Skip the pictures. Output only the lines below starting at the line with "2017. 09. 27. – Vocapella életképek" and ending at the line with "146 m² apartment", both ends included, exactly as they are.

■ SUPPLIED MATERIAL:
_____
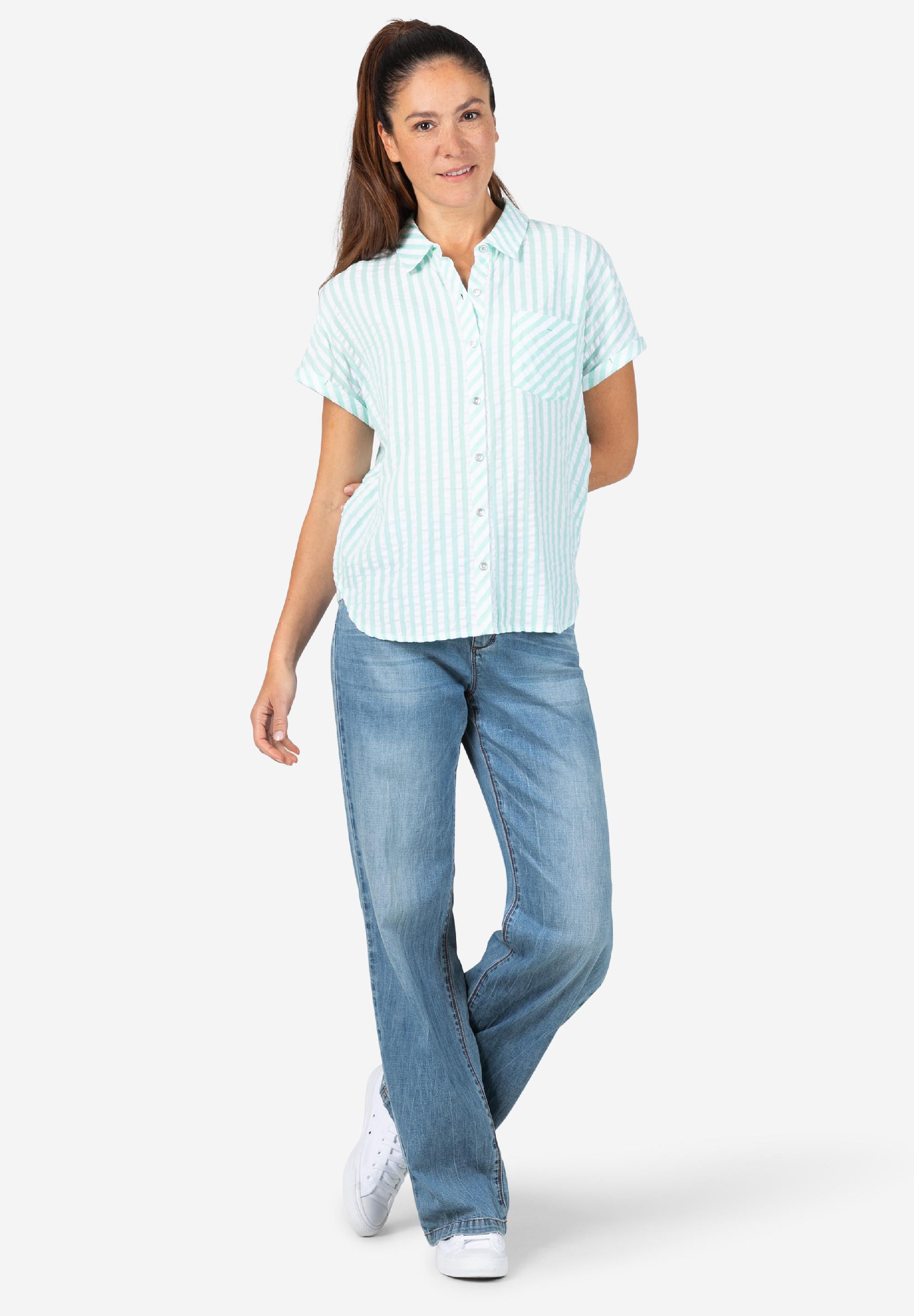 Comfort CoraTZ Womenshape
_____
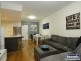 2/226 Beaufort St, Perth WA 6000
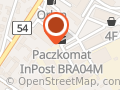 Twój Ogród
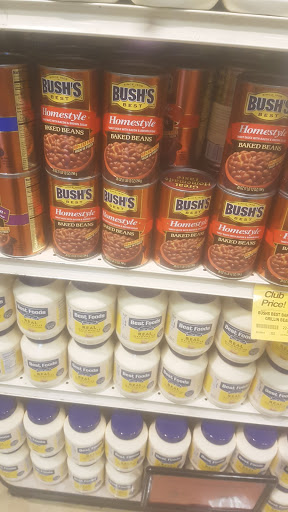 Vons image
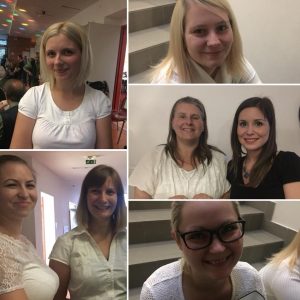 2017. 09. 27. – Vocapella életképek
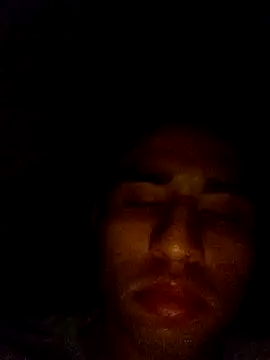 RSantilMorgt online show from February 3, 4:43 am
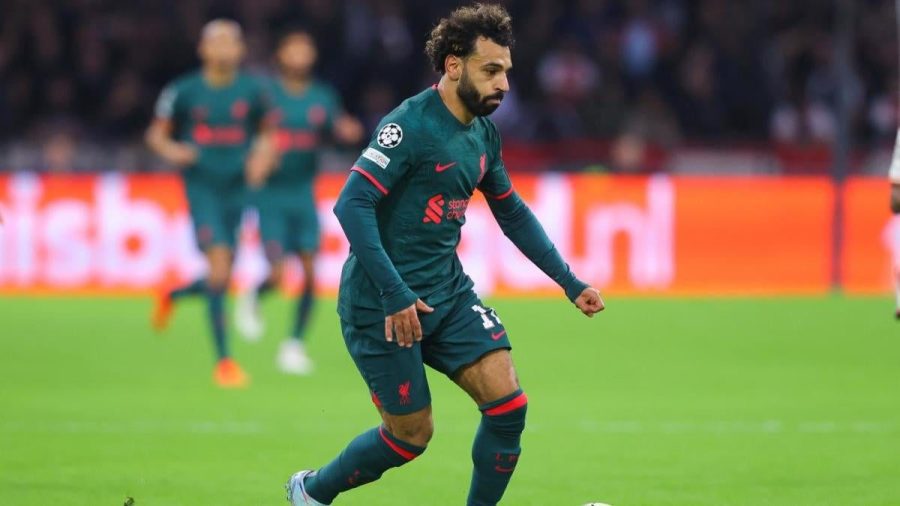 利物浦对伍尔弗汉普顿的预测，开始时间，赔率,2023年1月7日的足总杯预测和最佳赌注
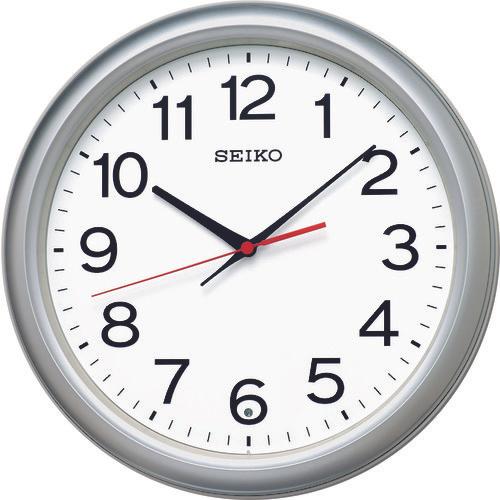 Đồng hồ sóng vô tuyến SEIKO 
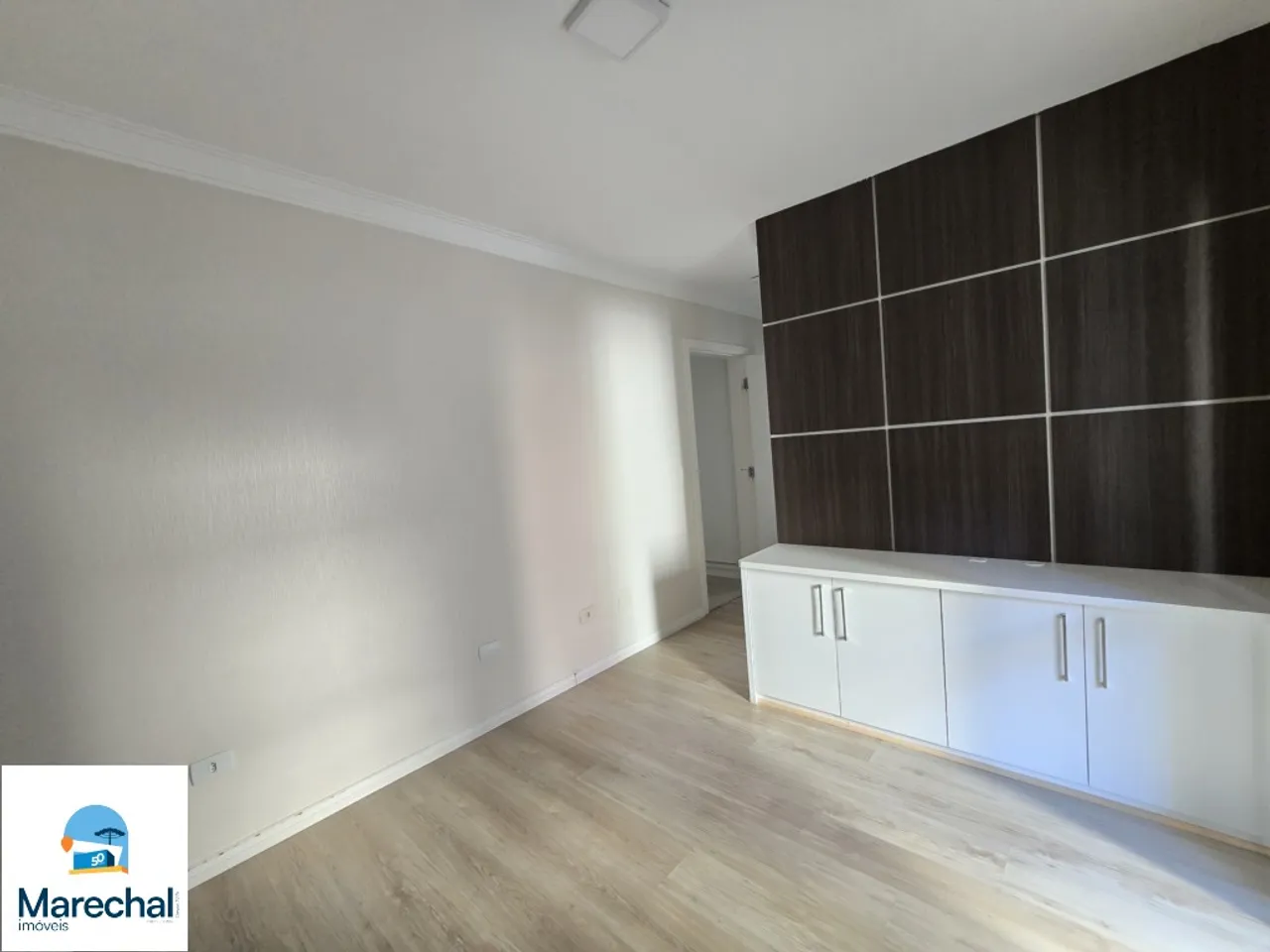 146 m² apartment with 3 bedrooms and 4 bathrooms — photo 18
_____
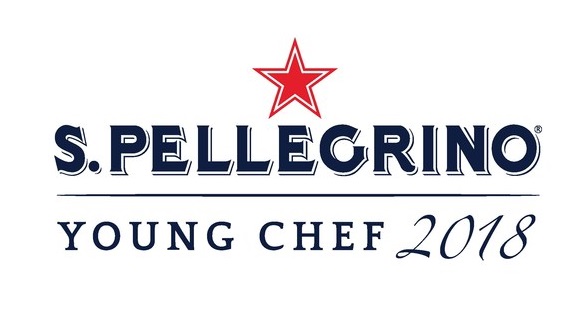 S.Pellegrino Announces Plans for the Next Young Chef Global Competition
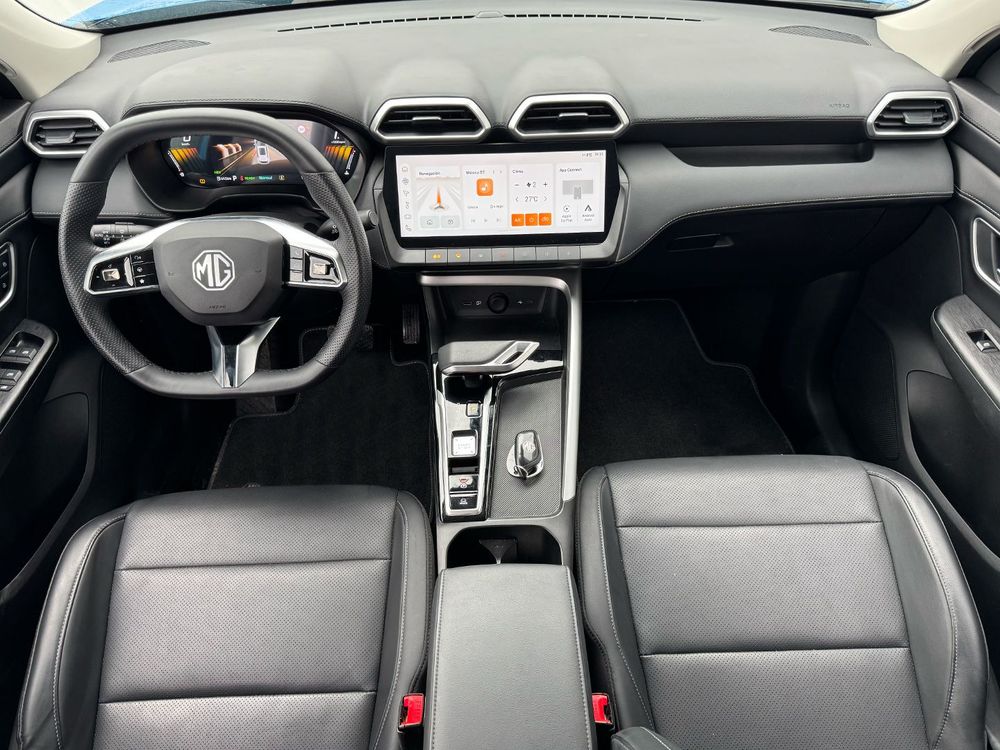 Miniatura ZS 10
_____
■ ANSWER BOX:
 2017. 09. 27. – Vocapella életképek
 RSantilMorgt online show from February 3, 4:43 am
 利物浦对伍尔弗汉普顿的预测，开始时间，赔率,2023年1月7日的足总杯预测和最佳赌注
 Đồng hồ sóng vô tuyến SEIKO 
 146 m² apartment with 3 bedrooms and 4 bathrooms — photo 18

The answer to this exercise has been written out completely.